Both PARTNER 3 and the EVOLUT R low-risk trial will follow participants annually for 10 years, eventually providing a robust, combined 2,000-patient database to assess comparative device durability.
The 30-day rates of permanent pacemaker implantation in TAVR recipients without a preexisting pacemaker is in the 12%-16% range with the newer-generation Evolut R and Sapien 3 valves. The indication is often new-onset left bundle branch block or complete heart block.
“I don’t think the increased pacemaker incidence is a huge problem now, but with the younger population I think it’s going to be more of an issue,” according to Dr. Mack. “It’s one thing to need a pacemaker if you’re 80-85 years old, but it’s totally different in somebody who’s 55 or 65 that has 30-35 years to live. Pacemaker leads are not benign in that population.”
“On the other hand, there is a thought that younger patients have less intrinsic conduction system disease. It may be that they are less prone to needing a new pacemaker afterward,” he added.
TAVR valve leaflet thrombosis is a concern. While a change in transvalvular gradient on echocardiography provides a signal for this complication, the actual diagnosis of valve thrombosis requires four-dimensional CT. Much better data on the true incidence and clinical ramifications of valve thrombosis in both TAVR and SAVR are coming. For example, the PARTNER 3 and EVOLUT R LR trials will each include 400-patient substudies with four-dimensional CT aimed at answering questions about valve thrombosis. The GALILEO trial, involving 1,520 TAVR patients, is designed to determine whether low-dose rivaroxaban prevents valve thrombosis and periprocedural embolization. Results of this randomized trial are due in about a year. Similarly, the 1,509-patient randomized ATLANTIS trial is looking at the effects of apixaban versus warfarin versus dual or single antiplatelet therapy.

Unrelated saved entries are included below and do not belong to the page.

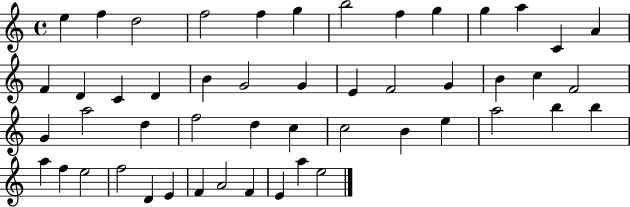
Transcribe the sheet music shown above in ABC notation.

X:1
T:Untitled
M:4/4
L:1/4
K:C
e f d2 f2 f g b2 f g g a C A F D C D B G2 G E F2 G B c F2 G a2 d f2 d c c2 B e a2 b b a f e2 f2 D E F A2 F E a e2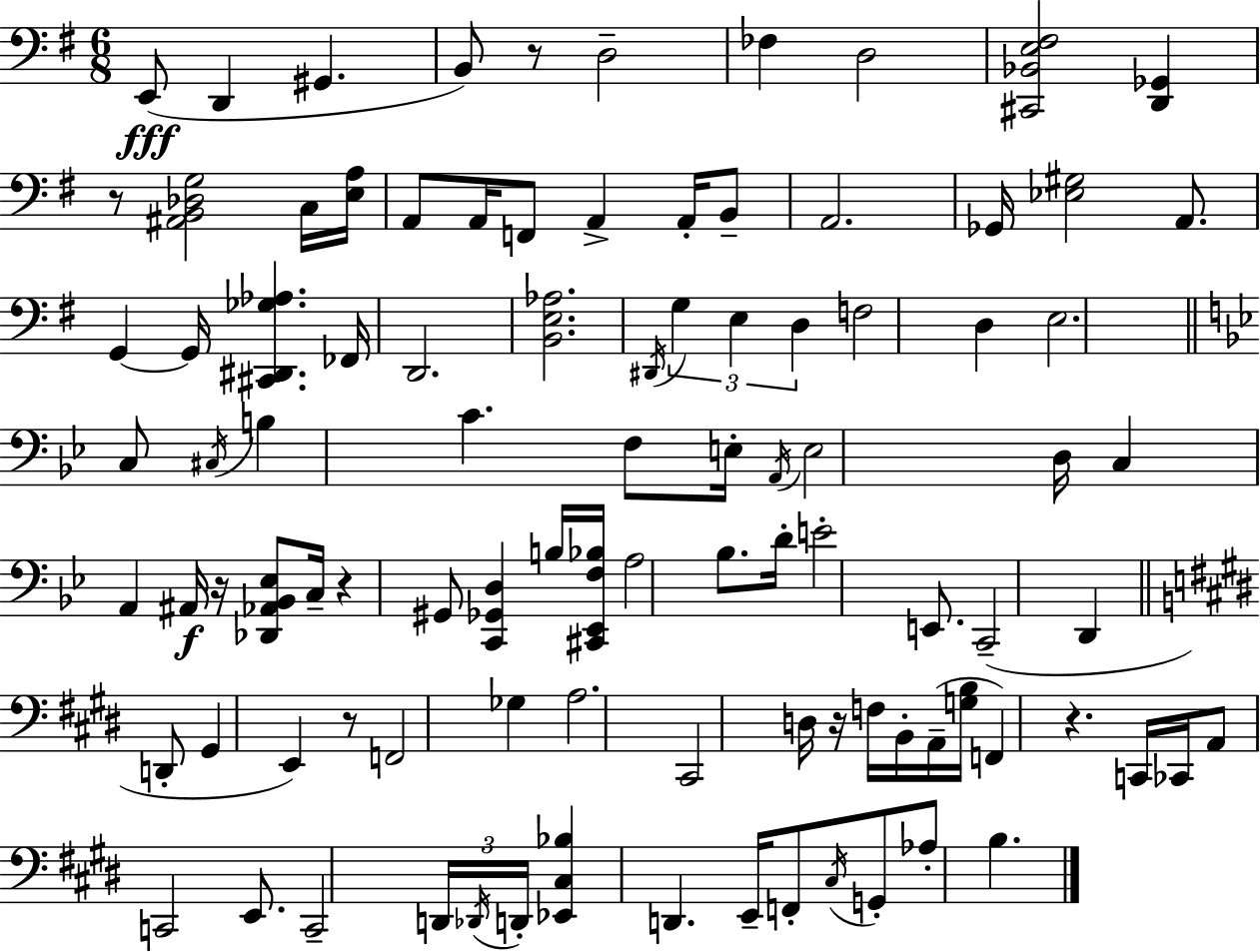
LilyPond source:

{
  \clef bass
  \numericTimeSignature
  \time 6/8
  \key g \major
  e,8(\fff d,4 gis,4. | b,8) r8 d2-- | fes4 d2 | <cis, bes, e fis>2 <d, ges,>4 | \break r8 <ais, b, des g>2 c16 <e a>16 | a,8 a,16 f,8 a,4-> a,16-. b,8-- | a,2. | ges,16 <ees gis>2 a,8. | \break g,4~~ g,16 <cis, dis, ges aes>4. fes,16 | d,2. | <b, e aes>2. | \acciaccatura { dis,16 } \tuplet 3/2 { g4 e4 d4 } | \break f2 d4 | e2. | \bar "||" \break \key bes \major c8 \acciaccatura { cis16 } b4 c'4. | f8 e16-. \acciaccatura { a,16 } e2 | d16 c4 a,4 ais,16\f r16 | <des, aes, bes, ees>8 c16-- r4 gis,8 <c, ges, d>4 | \break b16 <cis, ees, f bes>16 a2 bes8. | d'16-. e'2-. e,8. | c,2--( d,4 | \bar "||" \break \key e \major d,8-. gis,4 e,4) r8 | f,2 ges4 | a2. | cis,2 d16 r16 f16 b,16-. | \break a,16--( <g b>16 f,4) r4. | c,16 ces,16 a,8 c,2 | e,8. c,2-- \tuplet 3/2 { d,16 | \acciaccatura { des,16 } d,16-. } <ees, cis bes>4 d,4. | \break e,16-- f,8-. \acciaccatura { cis16 } g,8-. aes8-. b4. | \bar "|."
}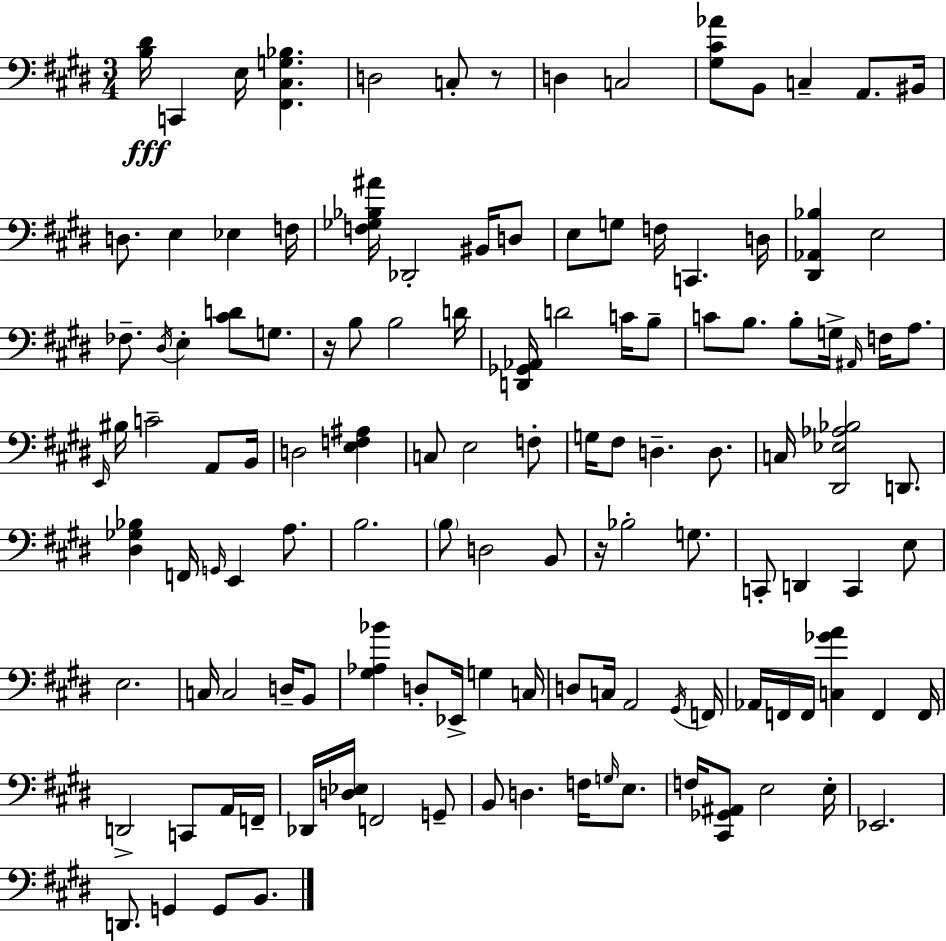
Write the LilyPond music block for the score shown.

{
  \clef bass
  \numericTimeSignature
  \time 3/4
  \key e \major
  <b dis'>16\fff c,4 e16 <fis, cis g bes>4. | d2 c8-. r8 | d4 c2 | <gis cis' aes'>8 b,8 c4-- a,8. bis,16 | \break d8. e4 ees4 f16 | <f ges bes ais'>16 des,2-. bis,16 d8 | e8 g8 f16 c,4. d16 | <dis, aes, bes>4 e2 | \break fes8.-- \acciaccatura { dis16 } e4-. <cis' d'>8 g8. | r16 b8 b2 | d'16 <d, ges, aes,>16 d'2 c'16 b8-- | c'8 b8. b8-. g16-> \grace { ais,16 } f16 a8. | \break \grace { e,16 } bis16 c'2-- | a,8 b,16 d2 <e f ais>4 | c8 e2 | f8-. g16 fis8 d4.-- | \break d8. c16 <dis, ees aes bes>2 | d,8. <dis ges bes>4 f,16 \grace { g,16 } e,4 | a8. b2. | \parenthesize b8 d2 | \break b,8 r16 bes2-. | g8. c,8-. d,4 c,4 | e8 e2. | c16 c2 | \break d16-- b,8 <gis aes bes'>4 d8-. ees,16-> g4 | c16 d8 c16 a,2 | \acciaccatura { gis,16 } f,16 aes,16 f,16 f,16 <c ges' a'>4 | f,4 f,16 d,2-> | \break c,8 a,16 f,16-- des,16 <d ees>16 f,2 | g,8-- b,8 d4. | f16 \grace { g16 } e8. f16 <cis, ges, ais,>8 e2 | e16-. ees,2. | \break d,8. g,4 | g,8 b,8. \bar "|."
}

If long-term anticoagulation in TAVR patients is found to be beneficial, that may steer some patients toward SAVR, especially if they are physically active or at high bleeding risk.
- Aortic stenosis patients with a high Syntax score and multivessel coronary artery disease. This group is best served by concomitant SAVR and coronary artery bypass grafting surgery.

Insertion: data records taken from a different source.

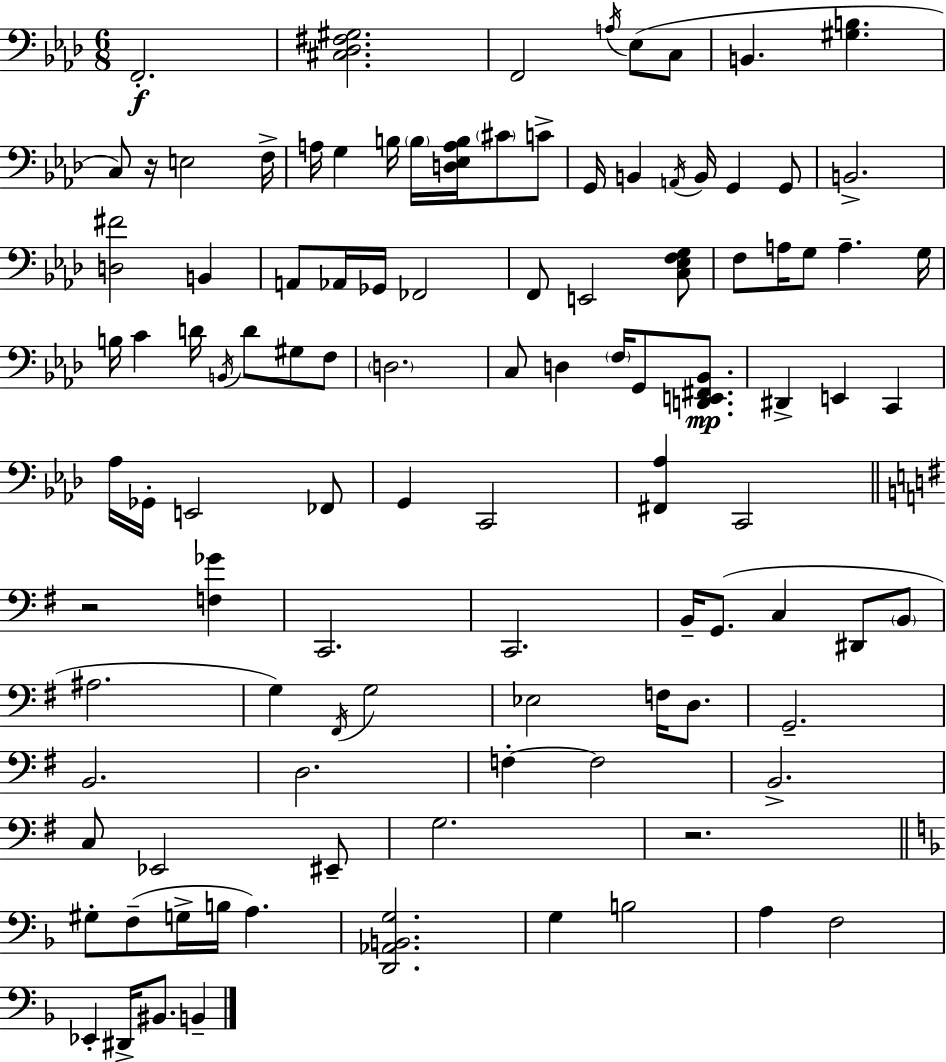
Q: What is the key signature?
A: AES major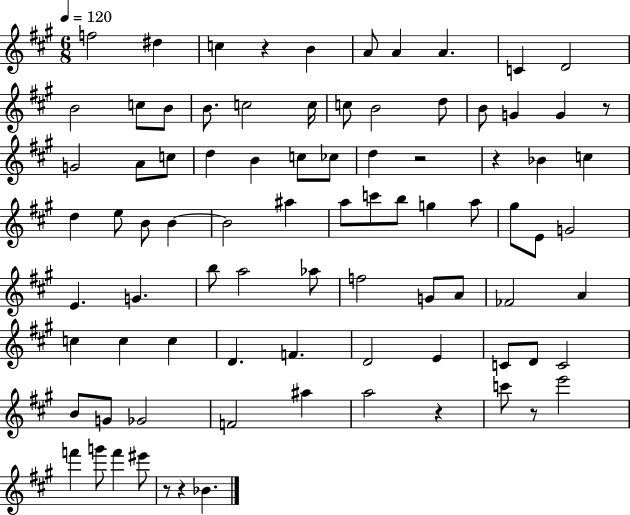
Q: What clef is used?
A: treble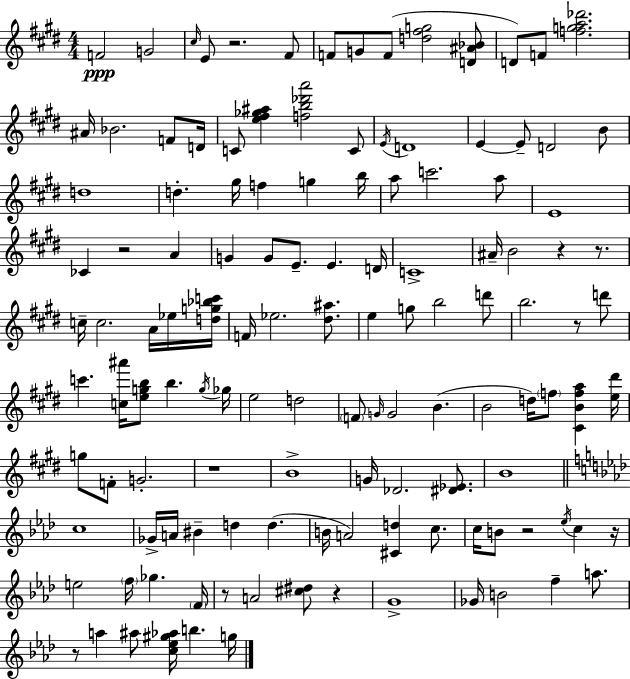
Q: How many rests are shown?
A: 11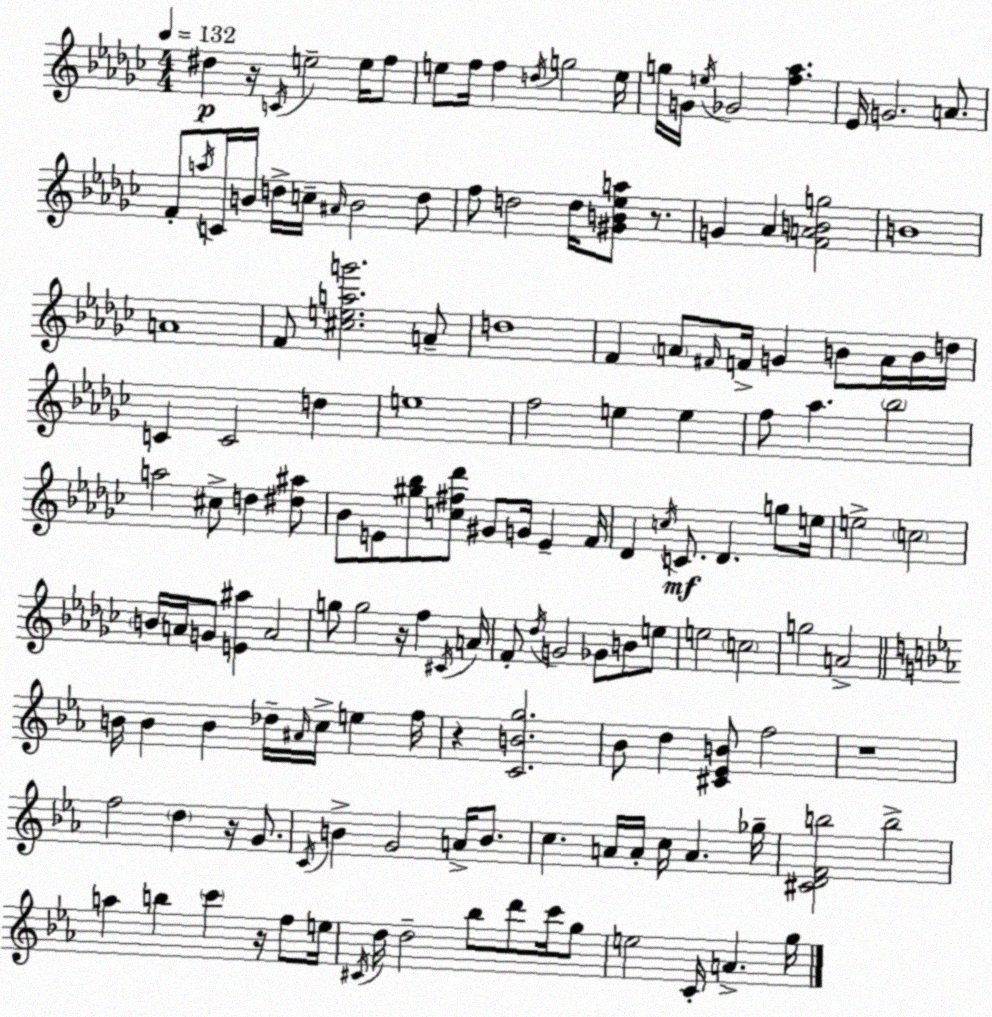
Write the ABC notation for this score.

X:1
T:Untitled
M:4/4
L:1/4
K:Ebm
^d z/4 C/4 e2 e/4 f/2 e/2 f/4 f d/4 g2 e/4 g/4 G/4 e/4 _G2 [f_a] _E/4 G2 A/2 F/2 a/4 C/4 B/4 d/4 c/4 ^A/4 B2 d/2 f/2 d2 d/4 [^GB_ea]/2 z/2 G _A [FABg]2 B4 A4 F/2 [^ceag']2 A/2 d4 F A/2 ^F/4 F/4 G B/2 A/4 B/4 d/4 C C2 d e4 f2 e e f/2 _a _b2 a2 ^c/2 d [^d^a]/2 _B/2 E/2 [^g_b]/2 [c^f_d']/2 ^G/2 G/4 E F/4 _D c/4 C/2 _D g/2 e/4 e2 c2 B/4 A/4 G/2 [E^a] A2 g/2 g2 z/4 f ^C/4 A/4 F/2 _d/4 G2 _G/2 B/2 e/2 e2 c2 g2 A2 B/4 B B _d/4 ^A/4 c/4 e f/4 z [CBg]2 _B/2 d [^C_EB]/2 f2 z4 f2 d z/4 G/2 C/4 B G2 A/4 B/2 c A/4 A/4 c/4 A _g/4 [^CDFb]2 b2 a b c' z/4 f/2 e/4 ^C/4 d/4 d2 _b/2 d'/2 c'/4 g/2 e2 C/4 A g/4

- Patients with low or intermediate surgical risk with multivalve disease. “We know that patients with moderate to severe mitral regurgitation and/or moderate to severe tricuspid regurgitation do not do well after TAVR,” the surgeon said.
- Rheumatic valve disease patients.
- Patients who present at a site that offers SAVR only. “There are about 1,150 cardiac surgery programs in the United States and about 560 TAVR programs. There is concern that patients who don’t come in to a center that offers TAVR will not be offered TAVR as an option. I think there’s probably some truth to that,” Dr. Mack said.
- Patients going to sites without a well-functioning collaborative heart team. “In institutions where surgeons and cardiologists don’t get along, turf is much more of an issue, and surgeons are going to hold on to those patients more closely,” he observed.
- Patient’s with certain preferences. “All other things being equal, the patient is always going to choose the less invasive option. However, we do see some patients – I think it’s about 1 out of 10 – who express a preference to stay with the tried and true surgery,” according to Dr. Mack.
He reported receiving research grants from Abbott Vascular, Edwards Lifesciences, and Medtronic.